##### Stored data #####

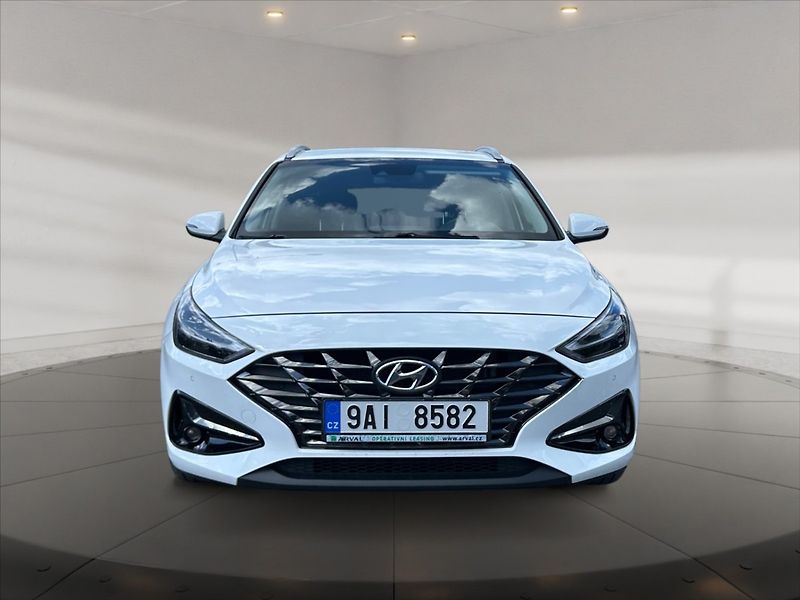 Hyundai i30 1,5 T-GDI Smart - fotka 2 z 11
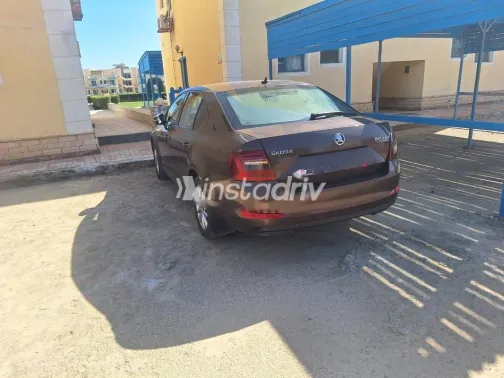 سكودا اوكتافيا A7 2016 موكا مستعملة للبيع - 3
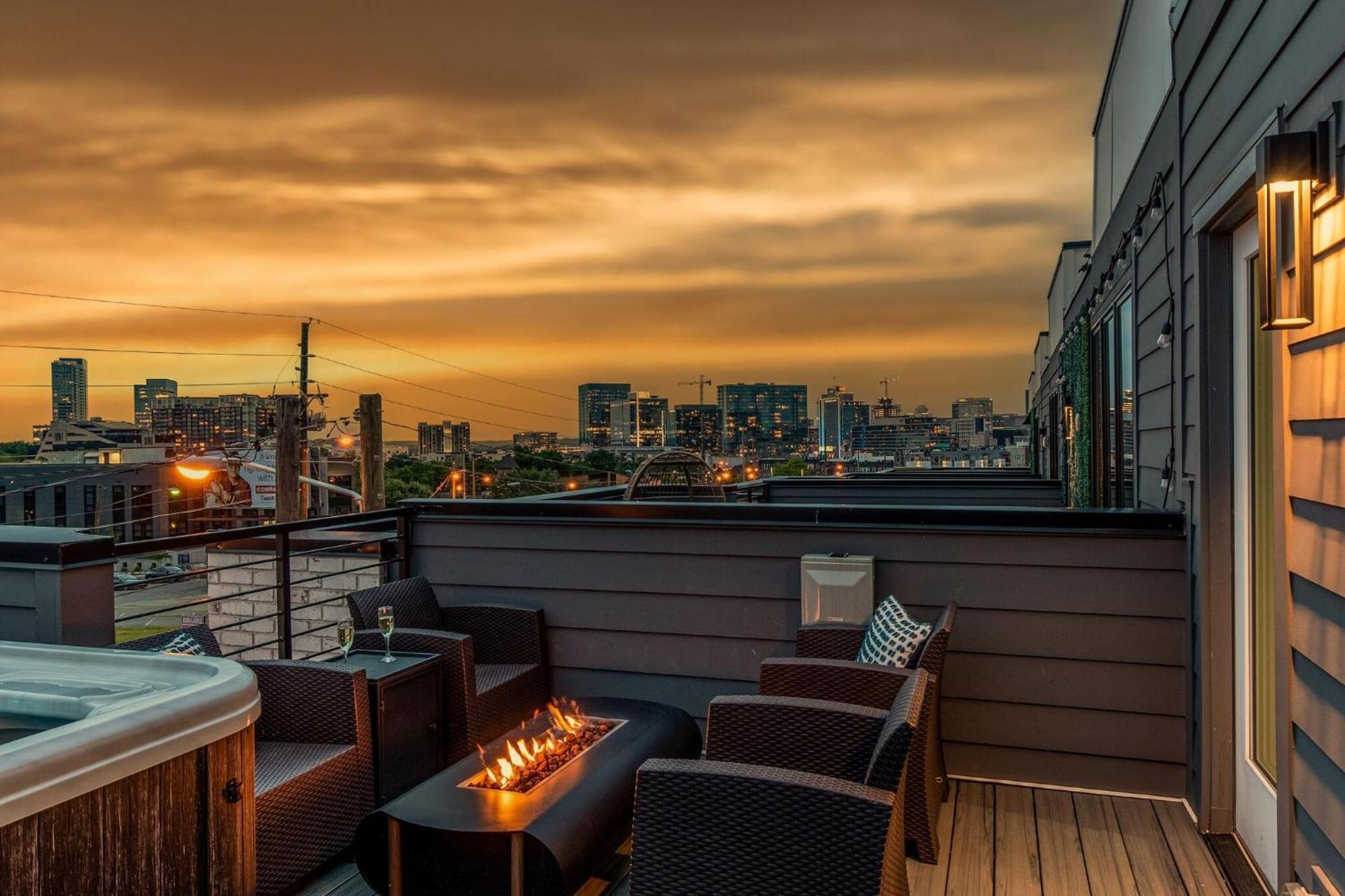 Luxe-tennessee Row-heart Of Gulch-mins To Broadway *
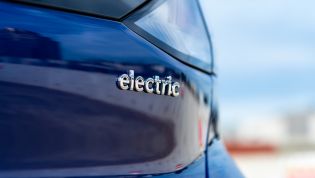 Electric vehicle sales growing in Australia, but emissions progress is slow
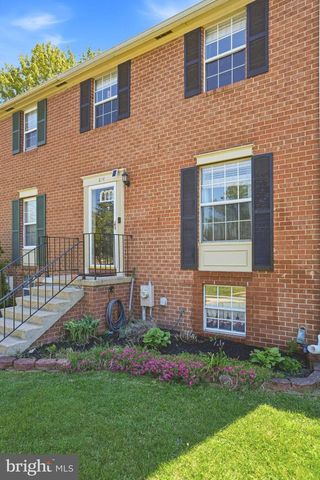 814 SEAL HARBOUR, Pasadena, MD 21122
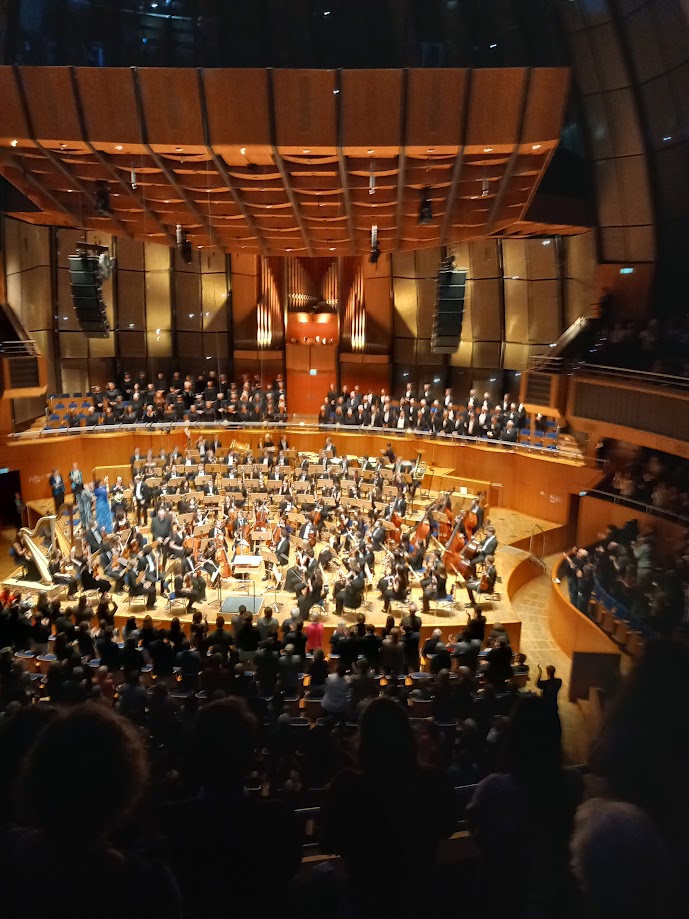 Mahler2 - 16.3.2025 vor Konzertbeginn - JSO Jugend-Sinfonie-Orchester der Tonhalle Düsseldorf und der Chor des Städtischen Musikvereins zu Düsseldorf mit dem Kammerchor Amici del canto, Wuppertal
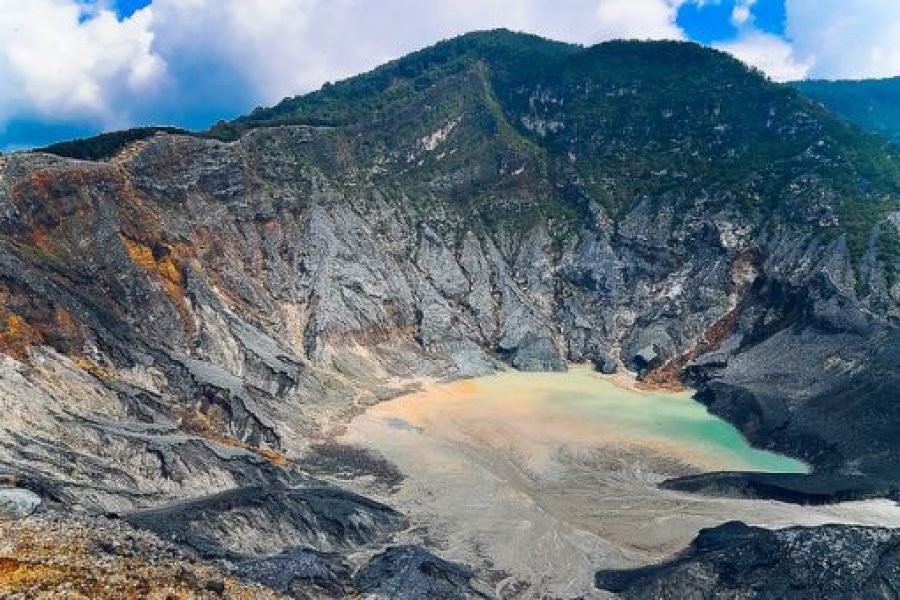 Full Day Bandung Volcano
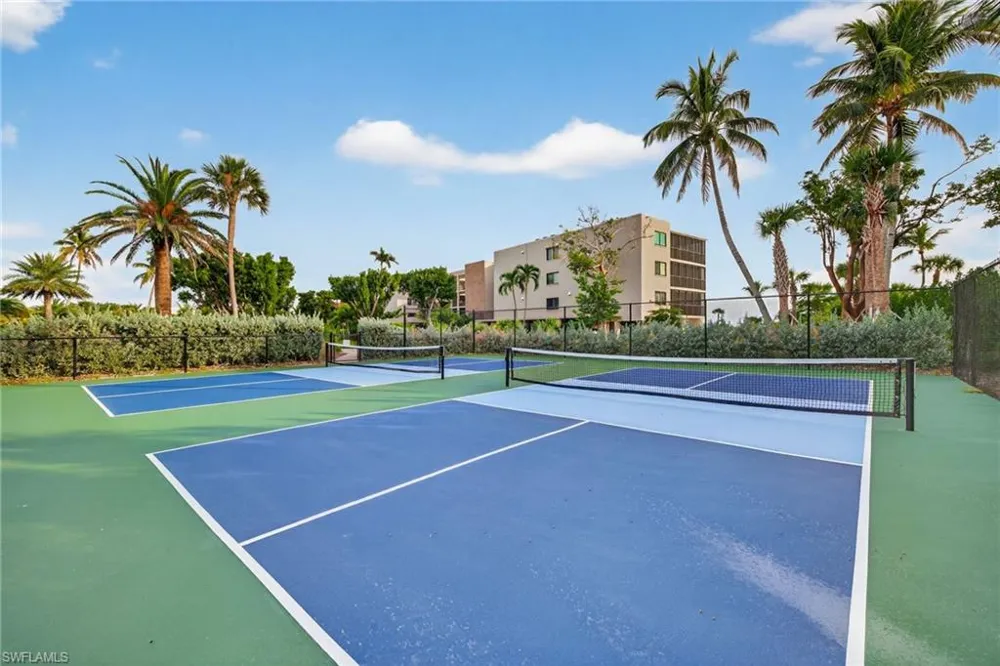 2929 W Gulf Drive #306 Sanibel, FL 33957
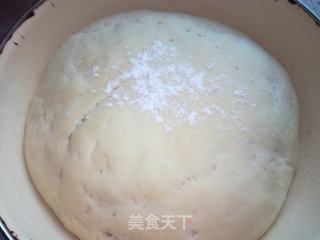 红枣老面花卷的做法步骤:4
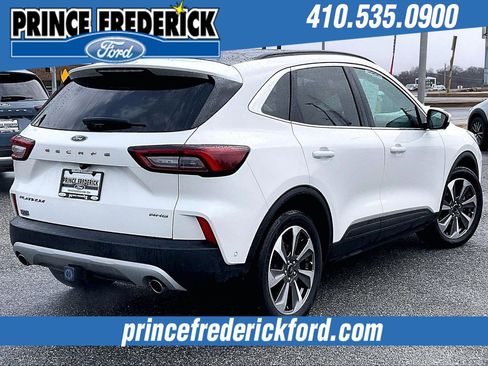 Used 2023 Ford Escape Platinum w/ Premium Technology Package image 12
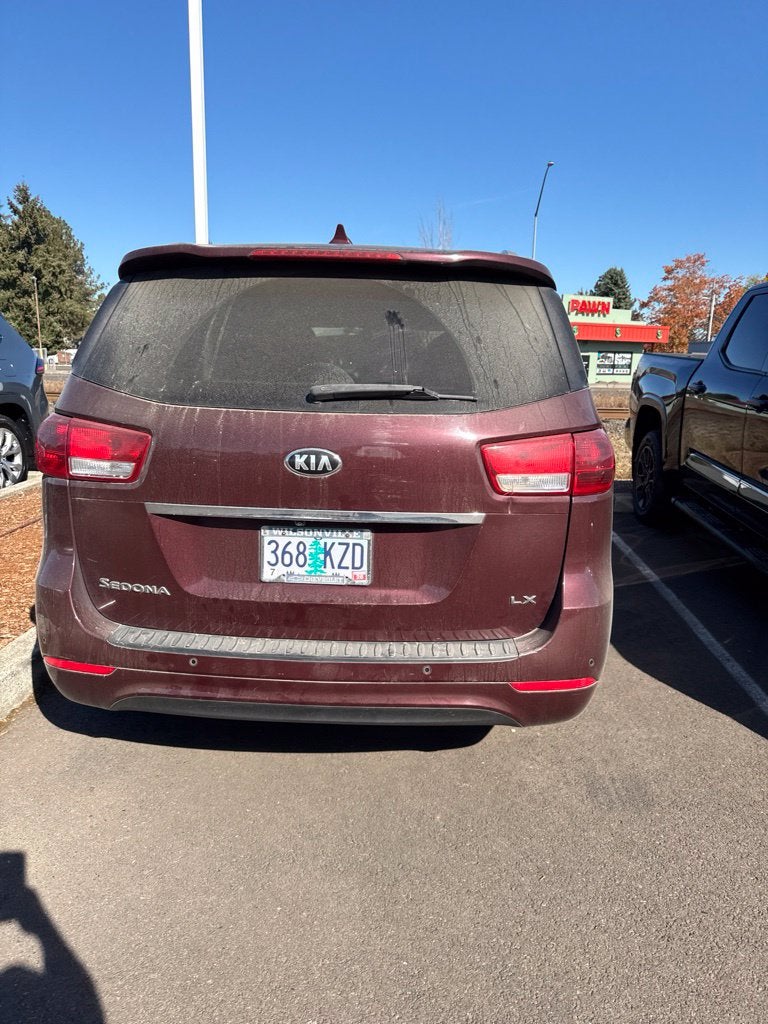 2017 Kia Sedona LX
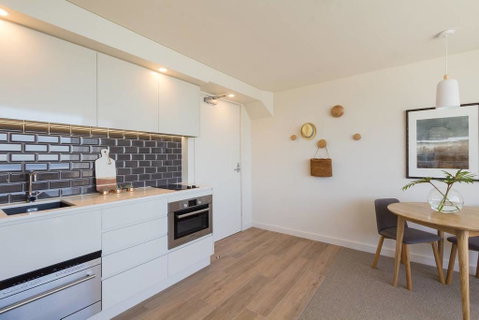 Coastal Chic Designer Apartment - C Tourism 2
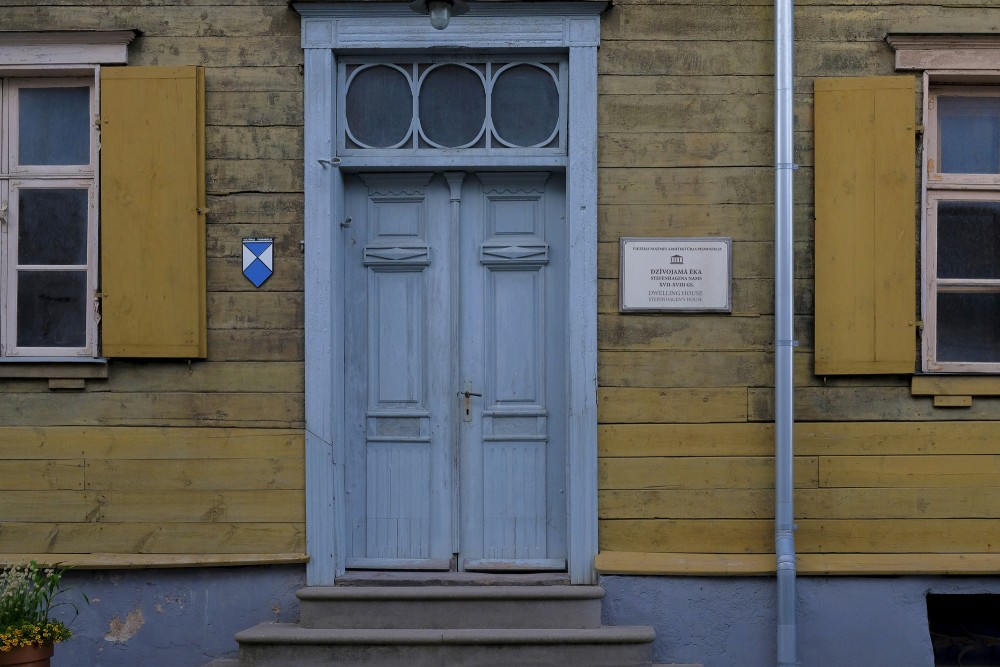 Baznīca Street 17 (Kuldīga) Entrance Portal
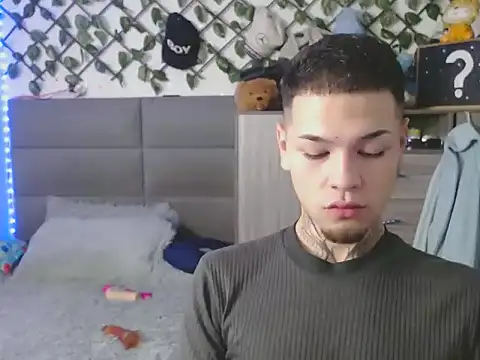 MarceloMilk online show from 10/31/25, 04:57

#####

■ **About this task**
Return every entry from the listing above exactly as it stands, leaving out any picture.

■ **Solution to this task**
 Hyundai i30 1,5 T-GDI Smart - fotka 2 z 11
 سكودا اوكتافيا A7 2016 موكا مستعملة للبيع - 3
 Luxe-tennessee Row-heart Of Gulch-mins To Broadway *
 Electric vehicle sales growing in Australia, but emissions progress is slow
 814 SEAL HARBOUR, Pasadena, MD 21122
 Mahler2 - 16.3.2025 vor Konzertbeginn - JSO Jugend-Sinfonie-Orchester der Tonhalle Düsseldorf und der Chor des Städtischen Musikvereins zu Düsseldorf mit dem Kammerchor Amici del canto, Wuppertal
 Full Day Bandung Volcano
 2929 W Gulf Drive #306 Sanibel, FL 33957
 红枣老面花卷的做法步骤:4
 Used 2023 Ford Escape Platinum w/ Premium Technology Package image 12
 2017 Kia Sedona LX
 Coastal Chic Designer Apartment - C Tourism 2
 Baznīca Street 17 (Kuldīga) Entrance Portal
 MarceloMilk online show from 10/31/25, 04:57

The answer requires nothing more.